At a rehearsal last week, a person couldn’t tell Roedl had been dancing less than a year or that this would be his first public performance. In a duet with Shiro, he moved confidently. Raise Shiro up over his head so she looked like she was flying, then twist and let her gracefully fall, catching her at the last minute? No problem.

“I felt trustful,” Shiro said. “He clicked. No matter what lift I wanted to try, I felt like I could go for it. Even if it failed, I knew he would not let me hit the floor.”

Shiro planned one duet with Roedl, but they had so much fun, she added another. Duets take dancing to another level in their intimacy, Shiro said. Before doing a duet, Shiro said she sat down and talked with Roedl about that.

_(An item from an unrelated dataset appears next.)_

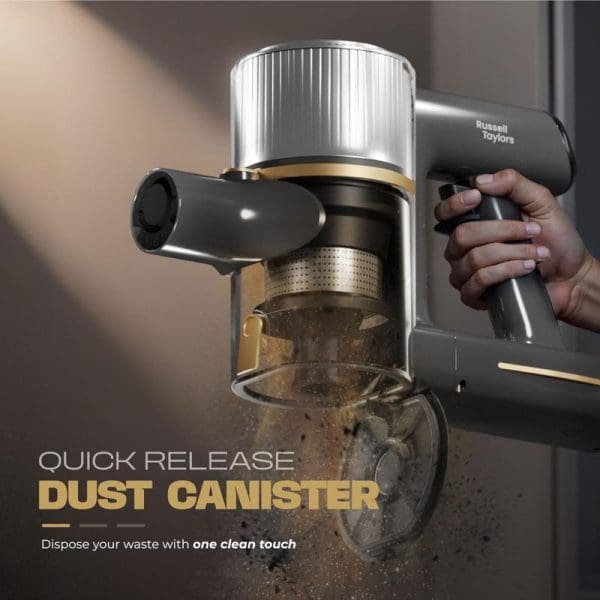 Russell Taylors Dynamic Cordless Vacuum Cleaner V2 with quick release dust canister being emptied, showing one-touch waste disposal feature and transparent collection chamber.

“It has to be very tender and very sweet. We must connect on an emotional level. Otherwise it’s a string of steps,” Shiro said. “The thing that turns a string of steps into a piece of art is an emotional connection.”

That emotional connection is what keeps audiences coming back year after year for Jazzline. There’s the beauty of the human form, which can be seen in some dances that have posed moments, a brief stop in the motion where dance becomes sculpture. There’s the swirl of those bodies, like the energy of poi or fire dancing where the movement becomes art. Underlying it all is emotion: love, loss, longing, parting and rebirth.

“I’ve seen him grow in so many ways, not only dancing, growing in his ability to express,” Shiro said of Roedl.